The failure of Democrats to surmount a Senate filibuster and pass out of that body a bill that might create a bipartisan committee to investigate the events of January 6 is a gut check for Democrats, who should no longer treat the procedural relic as a potential or imaginary threat to their governing agenda. Their inability to unite against the filibuster and end this sorry practice is solely on their shoulders, and they should be moving heaven and earth to dislodge this infernal practice from the upper body. Allies in this mission are, unfortunately, in too short supply in their own caucus.
Perhaps they should instead look to the courts—yes, even the Supreme Court. As implausible as it might seem, a lawsuit to knock out the filibuster might have a chance, even in a high court dominated by conservative justices. The reason being: It is in the institutional interests of the high court to get rid of it. And if those justices truly believe what they claim, they might discover that the best reason to save the Senate is to save themselves.
To begin at the beginning: It is not the old “talking” filibuster from the popular imagination of the public that such a suit would challenge. Under Article I of the Constitution, the Senate is entitled to have its own procedural rules, and cloture—ending debate in a talking filibuster—was procedural. All the majority had to do was simply wait out the talk, and there would sooner or later be a vote. In this way, cloture was understood as a process that provided an efficient way to get to a vote faster.

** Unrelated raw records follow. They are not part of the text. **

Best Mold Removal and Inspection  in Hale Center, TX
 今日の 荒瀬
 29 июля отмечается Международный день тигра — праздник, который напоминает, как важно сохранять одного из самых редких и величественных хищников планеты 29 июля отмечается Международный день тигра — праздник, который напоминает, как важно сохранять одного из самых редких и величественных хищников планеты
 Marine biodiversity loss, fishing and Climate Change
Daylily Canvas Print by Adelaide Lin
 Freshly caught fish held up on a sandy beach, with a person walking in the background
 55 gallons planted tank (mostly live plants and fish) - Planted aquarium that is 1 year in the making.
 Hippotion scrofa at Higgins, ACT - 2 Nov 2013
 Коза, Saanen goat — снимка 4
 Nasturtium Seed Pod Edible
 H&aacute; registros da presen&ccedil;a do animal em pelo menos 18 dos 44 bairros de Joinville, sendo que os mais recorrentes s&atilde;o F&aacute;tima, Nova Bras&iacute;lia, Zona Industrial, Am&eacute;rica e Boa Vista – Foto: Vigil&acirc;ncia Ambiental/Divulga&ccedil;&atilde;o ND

But it is not possible to wait out today’s perversion of the form: the “silent” filibuster. The silence is both instantaneous and eternal. Moreover, it is neither an alternative procedure nor a time-saving way to get to a majority vote. Rather, a supermajority must agree if there is to be a majority vote at all. There is also no principled rule for when this absolute supermajority requirement applies. It is at the whim of the minority. But the most important thing to remember is that as it is not a procedural rule, but rather a change in the enactment of law by majority vote, the filibuster is neither permitted by Article I, nor is it permitted with the consent of the House, which is the wronged party here.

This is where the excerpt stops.